Good balance of principles, approaches, and practical techniques
The first part of the book would look boring and too "common sense" without the second part, where you get some practical advice on implementation. Good balance between the two parts, between principles and practical implementation.
This is a very high level summary of aspects you need to pay attention to when designing cloud infrastructure. The text is tightly packed with reference to principles. This also means that the book is very slow to read. This is a more strategic guidance than practical recommendations. If you treat it like that you will get better value from it.
Bullet-point book, written by repetition and spreading out of just a few good ideas
I felt that i needed to finish this book because of how short it is and because I like to finish what I start.
That being said, this book offers very little value.
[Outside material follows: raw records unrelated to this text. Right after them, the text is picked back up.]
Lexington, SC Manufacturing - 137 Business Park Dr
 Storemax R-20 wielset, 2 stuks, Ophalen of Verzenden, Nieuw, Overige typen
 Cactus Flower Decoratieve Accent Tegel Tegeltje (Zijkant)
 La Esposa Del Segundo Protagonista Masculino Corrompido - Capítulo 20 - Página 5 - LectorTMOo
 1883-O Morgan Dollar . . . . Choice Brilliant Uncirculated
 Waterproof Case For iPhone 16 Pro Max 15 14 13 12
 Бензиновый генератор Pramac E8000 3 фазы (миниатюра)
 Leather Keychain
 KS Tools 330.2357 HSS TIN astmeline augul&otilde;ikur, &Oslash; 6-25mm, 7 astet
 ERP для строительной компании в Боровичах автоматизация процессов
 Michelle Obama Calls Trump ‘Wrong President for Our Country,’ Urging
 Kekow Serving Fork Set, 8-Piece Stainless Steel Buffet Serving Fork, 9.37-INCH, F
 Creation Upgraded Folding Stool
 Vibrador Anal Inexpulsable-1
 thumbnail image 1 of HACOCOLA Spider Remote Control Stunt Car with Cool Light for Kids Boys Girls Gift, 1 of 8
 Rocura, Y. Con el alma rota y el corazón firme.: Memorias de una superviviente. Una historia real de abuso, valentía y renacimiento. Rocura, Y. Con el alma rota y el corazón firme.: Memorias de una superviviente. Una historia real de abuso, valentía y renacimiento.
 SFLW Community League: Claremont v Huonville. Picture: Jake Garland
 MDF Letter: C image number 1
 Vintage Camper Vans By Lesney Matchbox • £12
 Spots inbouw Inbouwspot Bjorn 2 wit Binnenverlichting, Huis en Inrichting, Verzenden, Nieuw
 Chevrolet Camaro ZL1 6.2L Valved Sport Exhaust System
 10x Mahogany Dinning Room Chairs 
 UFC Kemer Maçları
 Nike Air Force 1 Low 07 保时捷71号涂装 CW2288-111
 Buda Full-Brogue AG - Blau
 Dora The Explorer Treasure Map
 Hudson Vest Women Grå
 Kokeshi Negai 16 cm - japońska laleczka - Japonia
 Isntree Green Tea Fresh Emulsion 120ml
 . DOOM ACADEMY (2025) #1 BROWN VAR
The appendix, which is about 50% of the book is full of copy-pasted content from the chapters. As such, I'd say 25% of the book is literally copy paste. The structure of the book then is based in parts on questions and answers. Most of them go like this: Q: How do you align the system (workloads) to the business goals? A: There are many strategies to ensure alignemt of the workload with the business goals. You must choose from one of these strategies, and implement one that best suites your business and your workload.
So that is just filler text, adds no value.
This book was free, but then I wonder why they even bothered to fill it with so many zero-value paragraphs. They could have easily given us a 10 page description of the framework including some bullet-list of questions, and references to the relevant services, and spare us 75% of the copy-paste and brain-dead repetition.
What's good about the book is that it gives you a high, organisatiom-level view of systems. This is nice. This puts you in the showles of a CTO/CIO. You feel like you're in one of their meetings where they need to decide how to cut costs by optimising parts of the system. That's a nice feeling I got....but then, that meeting turns into total corporate-style BS, boring beyond your wildest dreams, and instead of lasting for w hours, it lasts for a week.
Anyway, I was looking for either examples of AWS architectures, or an organisational view of IT systems... I got both in this book, but presented in a hasty and copy-pasty manner.
Stay away from free books/booklets! Even if they're short, they mess something up in an epic fashion :p
The book describes the overall architecture in simple language and well defined layout, I wish more white papers are available in Kindle format as reading in it is a cool breeze.. Thanks
This whitepaper does a good job at outlining a number of considerations individuals, teams, and organizations must make when designing their systems...particularly if moving to the cloud. The whitepaper is a framework for AWS services, so you must be ready for everything to reference the plethora of Amazon services available. So while a fantastic guidebook for using AWS services and best practices for Amazon cloud-based applications, it also does serve a great reminder of general application practices that we should all be following.
I was hoping for some real life examples of how you can put AWS services together to build working systems. This is really an overview at a very high level
I was expecting to get some specific knowledge. The truth is that the document is a bit too generic for my taste. In fact the Appendix was more interesting for me than the rest of the book. But hey, it's free
Filled with self-evident yet nonetheless practical advice. Would have liked to see some real-world architecture examples but I guess that'd be expecting too much. All in all it's a decent read that can be used as a cheatsheet/reference and that's probably its greatest merit.